Well personally I think Bob’s a great name for a coffee
okay, most of what i do re: harry potter is criticism, and hp is flawed in such a number of ways, but sometimes i just sit here and
i mean, you all have a comprehension of just how drastically harry potter changed literature, yeah? like. it revitalized it. it blew the literary scene apart. the new york times had to create a separate bestseller’s list for children’s lit just because harry potter existed. harry potter changed reading.
so many people on tumblr were born in the ‘90s. when the first book came out, most of us couldn’t read. but we grew up in a world where everyone, everyone, everyone was reading harry potter, no matter how old they were; we grew up in a world where the most popular story in the entire world was a fantasy children’s book.
it’s sort of difficult to grasp, sometimes, the extent to which harry potter is not just a book. the extent to which what is basically a series of fun, interesting, and fairly good novels is such an enormous, enormous part of our lives, a cultural touchstone, a truly universal reference point, something so many people have shaped their lives around, a foundation for all of the stories we would read and watch for the rest of our lives– for so many of us, the first books we ever loved
the extent to which so many of us can’t call ourselves “fans” of harry potter, because it would like being a “fan” of, like, having lungs.
it’s not even about liking it or disliking it. it’s just a part of us.
This reminds me an awful lot about Starbucks.
No, seriously. Before Starbucks, America was a coffee wasteland. Coffee was a thing you got at diners and drivethroughs. It was a cheap hot thing you put made palatable with tons of cream and sugar, and most people (but waning!) had a coffee machine at home.
Starbucks told us that we could like coffee. That coffee could be an enjoyable thing, that it could be a status symbol and a ritual. That there could be a place where you go for coffee, and you enjoy it.
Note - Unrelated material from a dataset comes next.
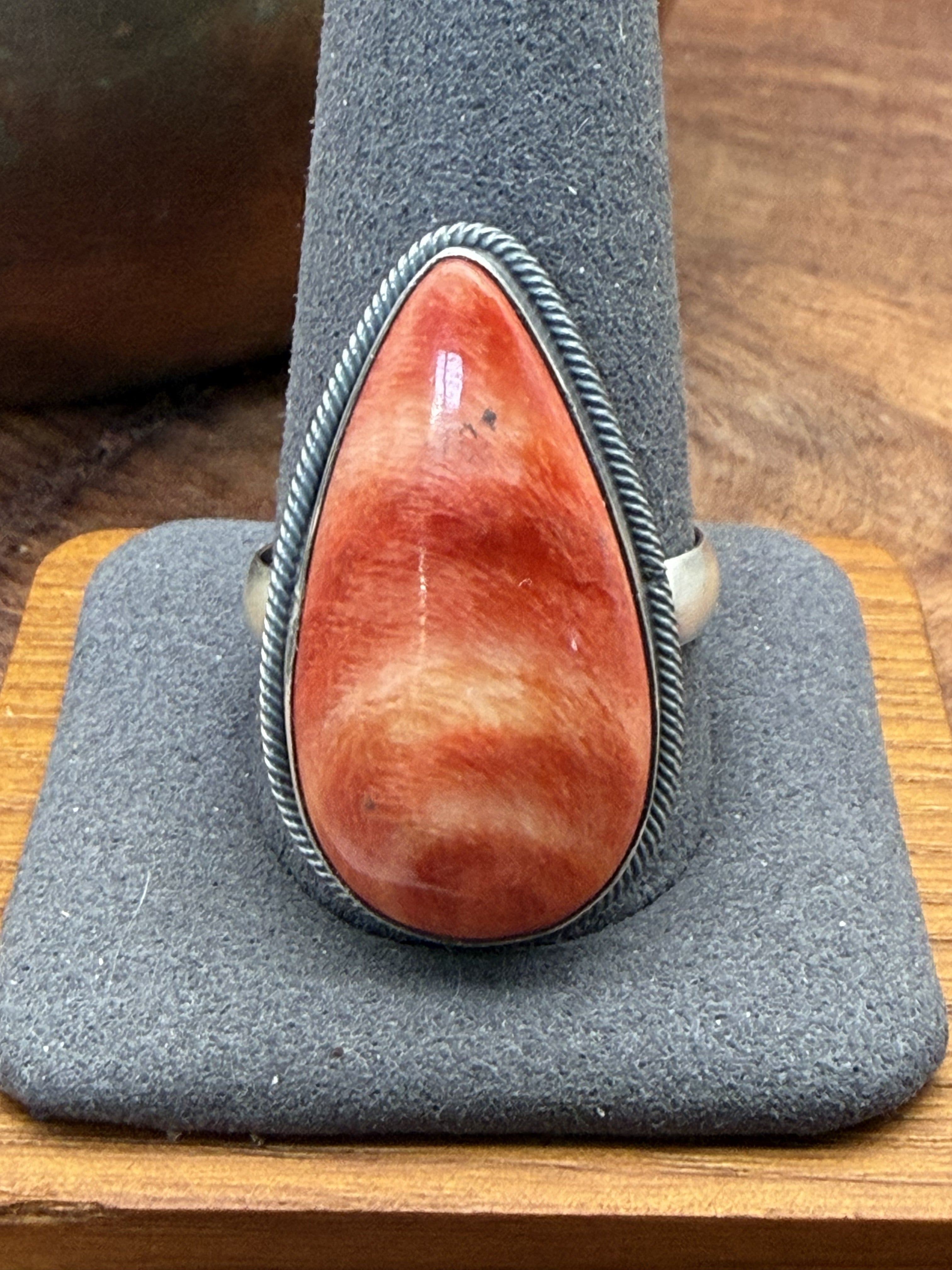 *Native American Made*  Navajo Scott Skeets Orange Spiney Tear Drop Ring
As a coffee snob, I think Starbucks’ coffee is awful. But Starbucks is why we have better coffee. Starbucks created the market space for third wave coffee shops and artisanal roasters. They reintroduced “espresso”, “latte” and “cappuccino” to the American lexicon.
We need stuff that’s heinously popular. That’s how culture works.
m4ge:
i walk into starbucks and order a pumpkin spice latte with 13 shots of espresso. i tell the barista that i intend to transcend humanity and become a god. i ask for no whip cream
you say this jokingly but i had a customer actually order a pumpkin spice latte with 9 shots of espresso (also no whip) and when i asked her to verify that she did indeed want 9 shots of espresso she looked me dead in the eyes and said “i have 5 kids”
I once had a woman come in and ordered an Americano with 19 shots of espresso. The drink took ages. It held up the line. I asked her why, and she shrugged and said “I just don’t care”. We still talk about that woman. We never saw her again.
new cryptid: exhausted woman at starbucks
Actual conversation I had at register:
“Hi, welcome to [Starbucks]! What can I get you, today?”
“How much is it to fill a Venti with Espresso?”
“I- I’m sorry?”
“A venti cup. How much to fill it with Espresso?”
“Oh. uh. Well, it’d be I suppose… I only have a button for a Quad. I don’t have special pricing for twenty ounces of espresso in a single… drink.”
“Price is the furthest thing from my mind right now. How many ‘add shots’ is that?”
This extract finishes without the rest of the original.